/CTG

Primary LanguageSlice

$\mathrm{C_T G}$ program

$\mathrm{C_T G}$ (Hi-C To Geometry) algorithm is a diffusion-based method to obtain reliable geometric information of the chromatin from Hi-C data. Here we provide a program based on CUDA, which can rapidly calculate the $\mathrm{C_T G}$ distance from the Hi-C data.

Installation and usage

  1. This program is based on CUDA. Before installation, please make sure that you have installed CUDA 10.1 or later versions.

  2. Download the file CTG.cu.

  3. Makefile. Run this command in the terminal:

     nvcc CTG.cu -o CTG -lcublas
    
  4. Add the path with CTG into your environment variables.

  5. Use this command to run the program:

     CTG -i input_matrix_name -o output_matrix_name -alpha alpha -iteration_numbers k
    

    with the meanings of the parameters:

    1. -i: The name of the file storing the input matrix. It should be stored in the coordinate format:

       bin1    bin2    count
      
       e.g. 
      
       2	2	4.78862e+01
       2	3	4.79380e+01
       2	5	3.41081e+01
       2	8	1.97129e+01
       2	9	9.91527e+00
       2	10	2.68997e+00
       2	11	8.69303e+00
       2	12	1.12322e+01
       2	13	5.88250e+00
       2	14	1.05338e+01
      

      Note that the index of bins should start from 1.

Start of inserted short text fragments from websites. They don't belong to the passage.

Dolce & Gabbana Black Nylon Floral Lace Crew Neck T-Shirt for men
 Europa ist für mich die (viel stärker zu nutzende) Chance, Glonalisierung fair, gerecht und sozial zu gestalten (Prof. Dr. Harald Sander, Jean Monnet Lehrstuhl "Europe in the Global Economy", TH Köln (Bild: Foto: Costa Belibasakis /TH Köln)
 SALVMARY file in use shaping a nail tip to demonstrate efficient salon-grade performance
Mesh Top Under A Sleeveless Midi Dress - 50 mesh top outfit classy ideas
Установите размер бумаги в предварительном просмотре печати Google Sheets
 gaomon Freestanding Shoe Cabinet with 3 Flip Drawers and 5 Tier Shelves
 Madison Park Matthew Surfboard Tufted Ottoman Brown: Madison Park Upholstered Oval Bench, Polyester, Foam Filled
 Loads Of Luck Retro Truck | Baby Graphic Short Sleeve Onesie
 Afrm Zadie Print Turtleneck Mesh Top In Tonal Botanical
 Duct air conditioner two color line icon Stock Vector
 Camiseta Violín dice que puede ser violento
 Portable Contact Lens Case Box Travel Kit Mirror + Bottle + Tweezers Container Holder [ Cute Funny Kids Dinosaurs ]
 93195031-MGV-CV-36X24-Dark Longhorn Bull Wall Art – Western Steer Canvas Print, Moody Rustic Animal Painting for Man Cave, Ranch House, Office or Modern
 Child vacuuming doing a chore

    2. -o: The name of the file to store the output $\mathrm{C_T G}$ matrix. It should be a binary file, and can be read using the following code in python:

       import numpy as np
       CTG = np.fromfile(output_matrix_name,dtype='float32')
       N = int(len(CTG)**(1/2))
       CTG = np.reshape(CTG,(N,N))
      
    3. -alpha: The parameter in the $\mathrm{C_T G}$ algorithm. It is $\lambda$ in the following equation:

      $$S^{(k)} = \sum_{t=1}^k \mathrm{e}^{-\lambda t} P^t$$

      The default value is 0.3.

    4. -iteration_numbers: The largest k in the equation above. The default value is 20.